Crônica da semana: Conversa santa
Paulo Pestana
Publicação:21/06/2019 06:00
Não sei se é o calor das fogueiras, o vapor do quentão ou a promessa dos santos da época. Mas algumas moças — até rapazes — ficam um pouco alteradas neste período do ano, em que se encontram imagens de Santo Antônio penduradas de cabeça para baixo e o mundo parece voltar séculos, quando começaram a atribuir casórios às ações divinas dele.
Não sei se é o calor das fogueiras, o vapor do quentão ou a promessa dos santos da época. Mas algumas moças – até rapazes – ficam um pouco alteradas neste período do ano, em que se encontram imagens de Santo Antônio penduradas de cabeça para baixo e o mundo parece voltar séculos, quando começaram a atribuir casórios às ações divinas dele.
Santo Antônio — que aliás foi batizado como Fernando — morreu há quase 800 anos. Foi um intelectual, deixou sermões importantes, lecionou em universidades da França e Itália, foi cercado de situações notáveis; diz-se que os peixes se aproximavam para ouvi-lo falar, que restaurou um pé amputado de um rapaz, comeu veneno e sobreviveu, além de ter provocado a aparição do próprio Menino Deus durante uma oração.
Orador de categoria, tem a língua — seca e escura — exposta até hoje na Capela das Relíquias, em Pádua. Também se envolveu em lutas políticas, a favor dos guelfos e dos endividados, que poderiam compensar o prejuízo de outro jeito.
Apesar de tudo o que fez em vida, virou ícone de moças desesperadas desde que correu a história de uma devota que, irritada por não conseguir um marido, arremessou uma imagem do santo pela janela. O objeto acabou acertando um homem que passava; a moça foi socorrê-lo e os dois acabaram se apaixonando e casando.
E há simpatias das mais diversas para conquistar as graças do santo casamenteiro, seja deixando a imagem de ponta-cabeça dentro de um copo cheio de água ou pinga; ou coloca-la no congelador até quem o amor apareça. Há que prefira deixar sete rosas brancas diante do santo, ou amarrar sete fitas coloridas. Também pode amarrar um cravo no talo de uma rosa com uma fita e dar sete (ou treze) nós.

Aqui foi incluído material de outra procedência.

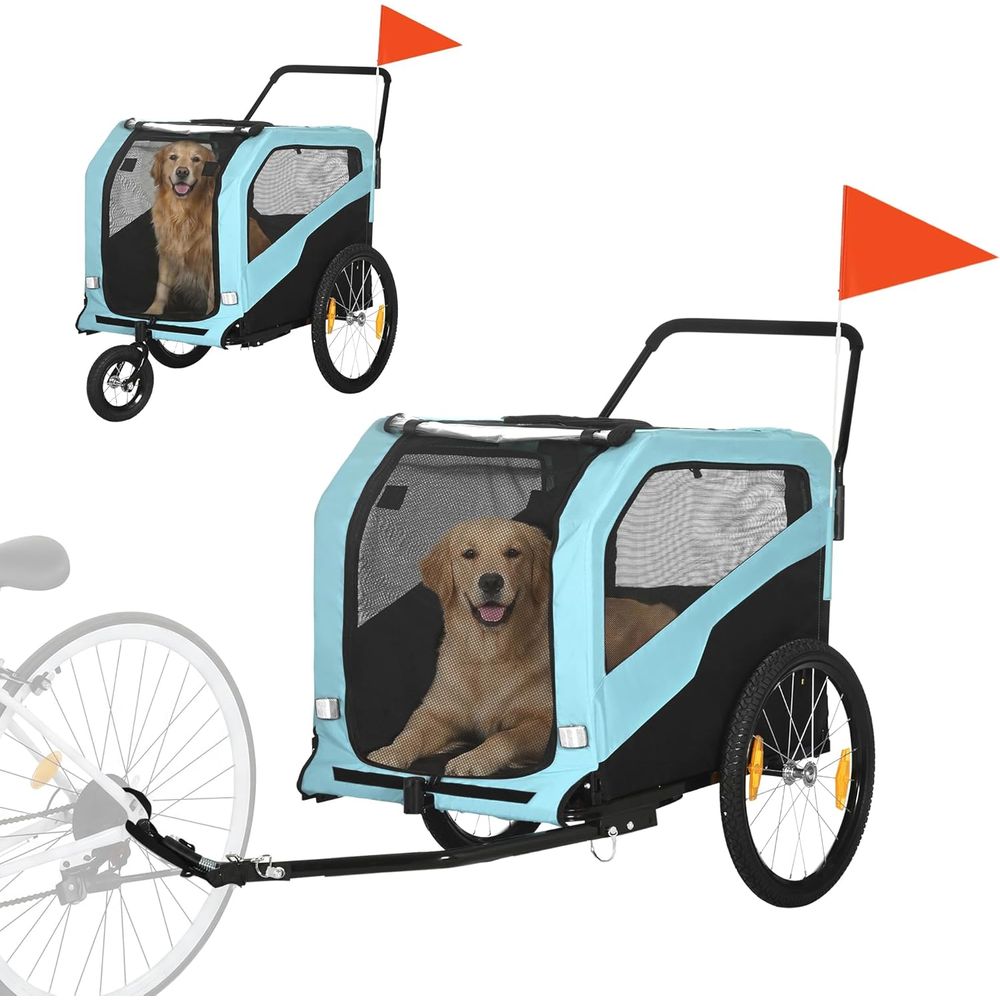 Pet Stroller Carrier - 2-in-1 Hunde-Fahrradanhänger und Haustier-Kinderwagen für große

Mas eu, que nem sonhava que alguém ainda pense em se casar, não imaginava que era possível chamar o santo ao bar e tomar uma com ele para conseguir um par. Sim, porque era um rapaz que sentou-se na mesa ao lado da diretoria — todos já sabem que qualquer boteco tem seu corpo dirigente, certo? — e tirou uma imagem de Santo Antônio do bolso. Nem grande, nem pequena; devia ter uns 10, 12 centímetros de altura.
Abriu um saco de jujubas, pediu duas doses de conhaque de gengibre, pôs o santo na frente dele e começou um pequeno colóquio — bem baixinho, para a irritação dos curiosos, nós, que éramos poucos bar naquela noite gelada. Não conseguimos saber se era uma oração, um lero ou um desabafo. Mas só podia ser um pedido para trazer de volta a pessoa amada, como a gente lê nesses cartazes afixados nos postes.
O rapaz merecia respeito e, nunca visto no recinto, não foi abordado. Não se interrompe conversa de pecador com santo, mesmo seja fora da igreja. Mas ficamos com uma dúvida para tirar com o padre: Santo Antônio também ajuda homem a se casar? Pelo sim pelo não a mesa já começou a encarar o santo como inimigo. Nossa conversa é com São Jorge.